• **Task item**
All lines of the material below that include the string "Nike" are to be copied.

*** Opening Dataset extract ***

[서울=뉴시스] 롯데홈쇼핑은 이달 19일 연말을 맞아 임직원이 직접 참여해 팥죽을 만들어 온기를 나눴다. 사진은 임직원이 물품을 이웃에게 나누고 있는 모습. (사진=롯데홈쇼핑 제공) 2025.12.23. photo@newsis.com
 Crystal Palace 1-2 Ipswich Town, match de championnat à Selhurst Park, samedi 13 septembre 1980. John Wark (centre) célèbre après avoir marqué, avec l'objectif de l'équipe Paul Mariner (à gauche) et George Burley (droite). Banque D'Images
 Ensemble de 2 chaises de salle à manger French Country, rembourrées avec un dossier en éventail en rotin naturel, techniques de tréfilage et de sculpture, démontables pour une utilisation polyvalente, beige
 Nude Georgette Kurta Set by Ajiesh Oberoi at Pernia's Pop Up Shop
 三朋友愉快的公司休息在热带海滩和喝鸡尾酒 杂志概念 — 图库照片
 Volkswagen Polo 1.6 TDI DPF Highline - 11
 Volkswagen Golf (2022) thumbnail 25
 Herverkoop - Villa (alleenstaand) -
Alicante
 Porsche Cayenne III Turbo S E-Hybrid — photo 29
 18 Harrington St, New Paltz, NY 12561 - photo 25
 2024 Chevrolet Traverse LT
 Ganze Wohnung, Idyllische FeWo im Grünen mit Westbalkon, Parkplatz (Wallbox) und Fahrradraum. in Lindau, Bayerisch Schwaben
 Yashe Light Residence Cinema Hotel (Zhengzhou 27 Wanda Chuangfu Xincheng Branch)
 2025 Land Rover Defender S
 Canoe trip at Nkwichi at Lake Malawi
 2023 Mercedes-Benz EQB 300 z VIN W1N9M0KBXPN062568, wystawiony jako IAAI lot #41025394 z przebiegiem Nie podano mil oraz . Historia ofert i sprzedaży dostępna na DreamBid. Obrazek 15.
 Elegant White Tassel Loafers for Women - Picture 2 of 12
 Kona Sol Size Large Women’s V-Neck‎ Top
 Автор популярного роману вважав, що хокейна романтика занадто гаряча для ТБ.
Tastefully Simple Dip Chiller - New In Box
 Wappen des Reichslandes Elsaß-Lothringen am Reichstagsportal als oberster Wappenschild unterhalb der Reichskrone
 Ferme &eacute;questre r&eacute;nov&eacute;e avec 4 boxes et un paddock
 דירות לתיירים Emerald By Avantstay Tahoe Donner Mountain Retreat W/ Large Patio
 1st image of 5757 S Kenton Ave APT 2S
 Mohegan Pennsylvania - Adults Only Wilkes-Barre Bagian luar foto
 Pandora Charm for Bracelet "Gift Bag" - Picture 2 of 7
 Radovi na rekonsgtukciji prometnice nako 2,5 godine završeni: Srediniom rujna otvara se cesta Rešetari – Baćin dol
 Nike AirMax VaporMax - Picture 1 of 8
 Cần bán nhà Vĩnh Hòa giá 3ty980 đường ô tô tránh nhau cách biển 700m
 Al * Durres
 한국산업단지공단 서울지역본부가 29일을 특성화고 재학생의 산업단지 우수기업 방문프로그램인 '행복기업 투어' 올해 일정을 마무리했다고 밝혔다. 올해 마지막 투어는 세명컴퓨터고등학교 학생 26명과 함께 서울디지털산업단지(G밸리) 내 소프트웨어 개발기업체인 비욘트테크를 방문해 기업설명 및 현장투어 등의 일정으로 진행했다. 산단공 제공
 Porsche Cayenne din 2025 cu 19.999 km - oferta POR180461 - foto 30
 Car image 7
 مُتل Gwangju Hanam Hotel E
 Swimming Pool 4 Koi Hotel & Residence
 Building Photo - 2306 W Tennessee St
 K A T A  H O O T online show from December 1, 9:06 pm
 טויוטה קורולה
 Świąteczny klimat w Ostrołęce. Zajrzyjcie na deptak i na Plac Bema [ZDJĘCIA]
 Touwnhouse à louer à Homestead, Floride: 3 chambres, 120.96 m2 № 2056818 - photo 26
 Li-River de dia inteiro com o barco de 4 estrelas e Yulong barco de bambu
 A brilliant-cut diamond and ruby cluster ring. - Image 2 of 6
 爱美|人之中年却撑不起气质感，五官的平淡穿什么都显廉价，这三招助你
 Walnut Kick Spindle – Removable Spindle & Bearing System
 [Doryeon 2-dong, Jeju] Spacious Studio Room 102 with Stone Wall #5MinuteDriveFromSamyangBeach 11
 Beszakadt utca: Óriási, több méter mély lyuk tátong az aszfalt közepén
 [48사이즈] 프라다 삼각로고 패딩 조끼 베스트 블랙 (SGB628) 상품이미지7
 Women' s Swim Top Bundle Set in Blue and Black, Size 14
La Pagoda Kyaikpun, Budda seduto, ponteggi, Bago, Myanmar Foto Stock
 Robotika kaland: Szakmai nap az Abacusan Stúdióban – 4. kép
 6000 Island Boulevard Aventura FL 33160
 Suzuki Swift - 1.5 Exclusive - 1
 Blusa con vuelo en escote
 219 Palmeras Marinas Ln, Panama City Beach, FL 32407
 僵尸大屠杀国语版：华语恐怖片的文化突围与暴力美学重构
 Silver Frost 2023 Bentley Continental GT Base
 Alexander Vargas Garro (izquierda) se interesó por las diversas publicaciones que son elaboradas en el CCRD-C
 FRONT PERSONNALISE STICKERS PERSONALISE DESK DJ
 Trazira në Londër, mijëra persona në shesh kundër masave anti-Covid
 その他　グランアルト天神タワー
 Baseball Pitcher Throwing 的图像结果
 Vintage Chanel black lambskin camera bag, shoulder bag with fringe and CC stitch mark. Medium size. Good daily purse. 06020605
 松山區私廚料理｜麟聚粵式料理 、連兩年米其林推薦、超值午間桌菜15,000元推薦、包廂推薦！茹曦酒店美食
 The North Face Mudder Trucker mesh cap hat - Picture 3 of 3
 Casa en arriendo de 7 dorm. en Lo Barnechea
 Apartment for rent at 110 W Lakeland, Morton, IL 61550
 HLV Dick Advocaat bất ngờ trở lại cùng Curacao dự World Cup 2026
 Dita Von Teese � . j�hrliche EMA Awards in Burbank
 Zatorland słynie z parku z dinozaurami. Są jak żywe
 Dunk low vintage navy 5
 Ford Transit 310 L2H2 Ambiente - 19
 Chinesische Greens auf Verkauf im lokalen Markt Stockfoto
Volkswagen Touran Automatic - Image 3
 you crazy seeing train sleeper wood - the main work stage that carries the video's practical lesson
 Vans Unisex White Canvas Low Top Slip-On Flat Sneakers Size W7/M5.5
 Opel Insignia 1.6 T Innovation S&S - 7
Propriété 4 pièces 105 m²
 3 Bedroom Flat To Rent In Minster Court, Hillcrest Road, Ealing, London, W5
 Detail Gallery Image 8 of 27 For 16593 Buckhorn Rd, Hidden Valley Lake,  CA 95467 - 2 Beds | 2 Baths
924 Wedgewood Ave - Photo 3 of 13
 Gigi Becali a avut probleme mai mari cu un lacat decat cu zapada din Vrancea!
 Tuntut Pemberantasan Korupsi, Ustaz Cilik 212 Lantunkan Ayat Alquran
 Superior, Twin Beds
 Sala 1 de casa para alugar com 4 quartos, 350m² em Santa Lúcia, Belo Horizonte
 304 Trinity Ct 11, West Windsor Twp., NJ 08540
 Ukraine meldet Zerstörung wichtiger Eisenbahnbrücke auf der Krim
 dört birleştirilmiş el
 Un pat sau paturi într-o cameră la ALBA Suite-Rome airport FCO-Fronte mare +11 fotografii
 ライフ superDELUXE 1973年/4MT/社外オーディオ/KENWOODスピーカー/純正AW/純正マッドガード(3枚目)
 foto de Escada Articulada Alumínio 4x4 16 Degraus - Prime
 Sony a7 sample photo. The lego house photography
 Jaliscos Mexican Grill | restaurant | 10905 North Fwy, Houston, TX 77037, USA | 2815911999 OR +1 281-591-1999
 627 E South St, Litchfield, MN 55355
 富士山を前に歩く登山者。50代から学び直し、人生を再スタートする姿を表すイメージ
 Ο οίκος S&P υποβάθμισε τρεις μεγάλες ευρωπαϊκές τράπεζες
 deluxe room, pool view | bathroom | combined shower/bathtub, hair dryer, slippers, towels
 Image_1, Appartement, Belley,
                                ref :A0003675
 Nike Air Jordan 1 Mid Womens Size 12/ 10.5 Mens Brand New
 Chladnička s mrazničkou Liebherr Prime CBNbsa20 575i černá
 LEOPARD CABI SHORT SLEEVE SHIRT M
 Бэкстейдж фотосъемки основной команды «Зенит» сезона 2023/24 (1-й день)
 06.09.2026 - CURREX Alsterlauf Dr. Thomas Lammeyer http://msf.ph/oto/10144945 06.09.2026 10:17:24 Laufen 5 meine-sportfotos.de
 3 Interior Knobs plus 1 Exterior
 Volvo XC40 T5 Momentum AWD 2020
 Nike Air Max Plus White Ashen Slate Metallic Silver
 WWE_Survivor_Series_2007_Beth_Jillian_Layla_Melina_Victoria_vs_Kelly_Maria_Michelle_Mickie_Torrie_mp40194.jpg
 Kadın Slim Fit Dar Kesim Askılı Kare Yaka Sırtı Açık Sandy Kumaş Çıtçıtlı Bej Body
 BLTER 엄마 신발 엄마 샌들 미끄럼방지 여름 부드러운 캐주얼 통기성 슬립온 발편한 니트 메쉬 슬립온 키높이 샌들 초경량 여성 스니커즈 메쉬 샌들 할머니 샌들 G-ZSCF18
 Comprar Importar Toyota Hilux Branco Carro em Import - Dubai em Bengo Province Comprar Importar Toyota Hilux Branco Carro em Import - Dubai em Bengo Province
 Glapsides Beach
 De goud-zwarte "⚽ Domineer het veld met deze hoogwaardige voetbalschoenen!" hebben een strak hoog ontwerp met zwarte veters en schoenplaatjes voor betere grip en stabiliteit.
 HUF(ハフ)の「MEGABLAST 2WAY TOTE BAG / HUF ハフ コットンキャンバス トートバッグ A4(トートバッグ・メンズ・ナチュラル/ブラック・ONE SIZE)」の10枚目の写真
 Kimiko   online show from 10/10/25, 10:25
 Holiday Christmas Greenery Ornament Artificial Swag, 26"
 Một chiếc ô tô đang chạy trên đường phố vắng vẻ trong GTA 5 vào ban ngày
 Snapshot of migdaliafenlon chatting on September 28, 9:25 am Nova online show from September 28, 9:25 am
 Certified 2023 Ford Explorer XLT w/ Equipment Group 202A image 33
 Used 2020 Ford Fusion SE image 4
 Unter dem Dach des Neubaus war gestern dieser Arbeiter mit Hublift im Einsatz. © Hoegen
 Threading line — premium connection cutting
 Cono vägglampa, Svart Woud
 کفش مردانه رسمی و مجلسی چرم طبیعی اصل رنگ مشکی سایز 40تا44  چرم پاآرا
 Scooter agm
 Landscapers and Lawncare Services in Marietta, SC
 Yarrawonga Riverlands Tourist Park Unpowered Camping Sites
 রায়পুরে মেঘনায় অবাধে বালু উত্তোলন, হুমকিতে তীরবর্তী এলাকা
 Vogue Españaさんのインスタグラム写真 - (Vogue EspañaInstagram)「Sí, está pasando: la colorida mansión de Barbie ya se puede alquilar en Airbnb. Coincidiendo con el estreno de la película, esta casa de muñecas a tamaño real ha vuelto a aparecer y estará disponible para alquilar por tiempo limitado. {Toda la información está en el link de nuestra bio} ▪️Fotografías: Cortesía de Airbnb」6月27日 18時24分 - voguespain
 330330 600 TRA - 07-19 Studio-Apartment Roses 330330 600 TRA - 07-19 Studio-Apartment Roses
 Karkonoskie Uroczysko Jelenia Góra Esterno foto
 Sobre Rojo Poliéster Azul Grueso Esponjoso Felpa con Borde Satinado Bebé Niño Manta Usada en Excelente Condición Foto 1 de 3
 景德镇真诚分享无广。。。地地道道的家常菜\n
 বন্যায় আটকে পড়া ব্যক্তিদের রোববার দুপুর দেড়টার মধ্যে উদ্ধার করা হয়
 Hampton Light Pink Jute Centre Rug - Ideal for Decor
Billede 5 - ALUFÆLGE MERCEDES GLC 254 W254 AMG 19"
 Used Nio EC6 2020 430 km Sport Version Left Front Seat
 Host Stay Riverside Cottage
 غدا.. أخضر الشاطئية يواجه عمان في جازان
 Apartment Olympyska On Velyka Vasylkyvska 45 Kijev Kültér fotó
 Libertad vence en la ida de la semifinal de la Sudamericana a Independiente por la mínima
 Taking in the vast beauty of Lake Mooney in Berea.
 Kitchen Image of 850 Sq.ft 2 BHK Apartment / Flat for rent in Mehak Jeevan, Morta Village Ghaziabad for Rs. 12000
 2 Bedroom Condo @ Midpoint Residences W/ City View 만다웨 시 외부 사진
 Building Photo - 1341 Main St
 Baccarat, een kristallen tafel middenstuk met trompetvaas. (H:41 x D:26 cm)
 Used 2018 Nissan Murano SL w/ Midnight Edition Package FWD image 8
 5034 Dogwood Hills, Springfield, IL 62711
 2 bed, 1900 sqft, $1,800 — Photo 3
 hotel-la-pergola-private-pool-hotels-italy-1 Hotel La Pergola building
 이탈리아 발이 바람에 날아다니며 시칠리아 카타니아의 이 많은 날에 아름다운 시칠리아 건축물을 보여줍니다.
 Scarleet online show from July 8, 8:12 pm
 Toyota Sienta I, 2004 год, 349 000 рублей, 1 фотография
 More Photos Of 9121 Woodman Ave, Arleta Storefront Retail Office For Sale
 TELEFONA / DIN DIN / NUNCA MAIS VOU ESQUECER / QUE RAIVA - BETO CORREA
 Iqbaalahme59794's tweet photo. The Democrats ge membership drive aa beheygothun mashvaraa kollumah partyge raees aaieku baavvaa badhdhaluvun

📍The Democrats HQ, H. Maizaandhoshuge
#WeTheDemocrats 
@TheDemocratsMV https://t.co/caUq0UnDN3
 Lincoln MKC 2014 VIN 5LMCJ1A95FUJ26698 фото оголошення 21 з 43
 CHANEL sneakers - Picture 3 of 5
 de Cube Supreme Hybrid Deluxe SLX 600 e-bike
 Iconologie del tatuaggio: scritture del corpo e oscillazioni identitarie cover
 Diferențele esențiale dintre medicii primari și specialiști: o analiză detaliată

*** Closing Dataset extract ***

• **Answer**
 Nike AirMax VaporMax - Picture 1 of 8
 Nike Air Jordan 1 Mid Womens Size 12/ 10.5 Mens Brand New
 Nike Air Max Plus White Ashen Slate Metallic Silver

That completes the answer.